Given data:
━━━━━━━━━━━━━━━━

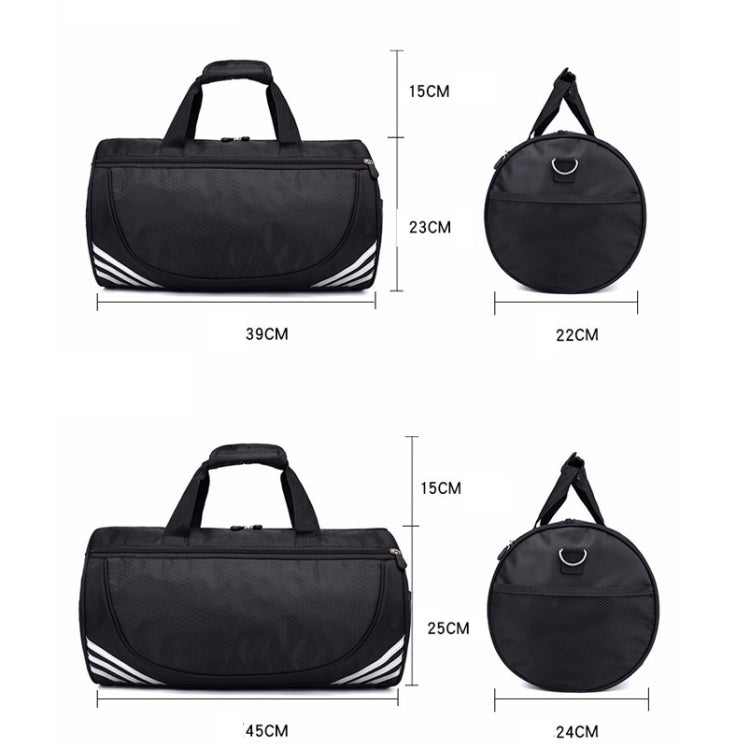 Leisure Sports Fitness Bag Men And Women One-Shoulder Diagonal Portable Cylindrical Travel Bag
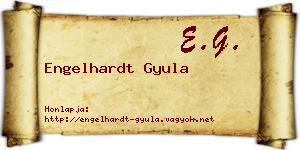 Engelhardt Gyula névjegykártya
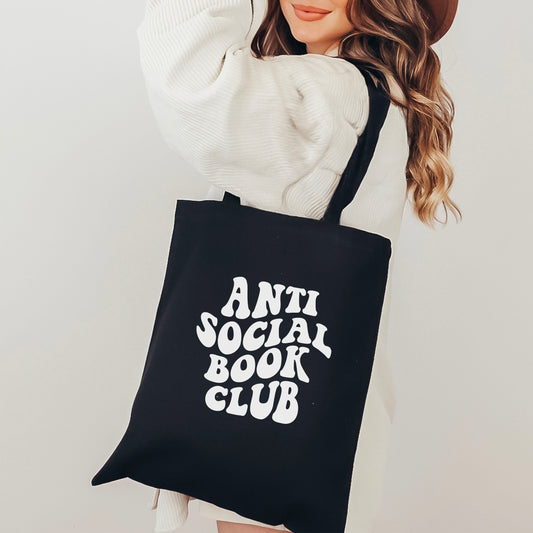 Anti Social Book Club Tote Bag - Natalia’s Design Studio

━━━━━━━━━━━━━━━━

Exercise: When repeating the listing, keep each line exact and exclude the pictures.

Exercise response:
 Leisure Sports Fitness Bag Men And Women One-Shoulder Diagonal Portable Cylindrical Travel Bag
 Engelhardt Gyula névjegykártya
 Anti Social Book Club Tote Bag - Natalia’s Design Studio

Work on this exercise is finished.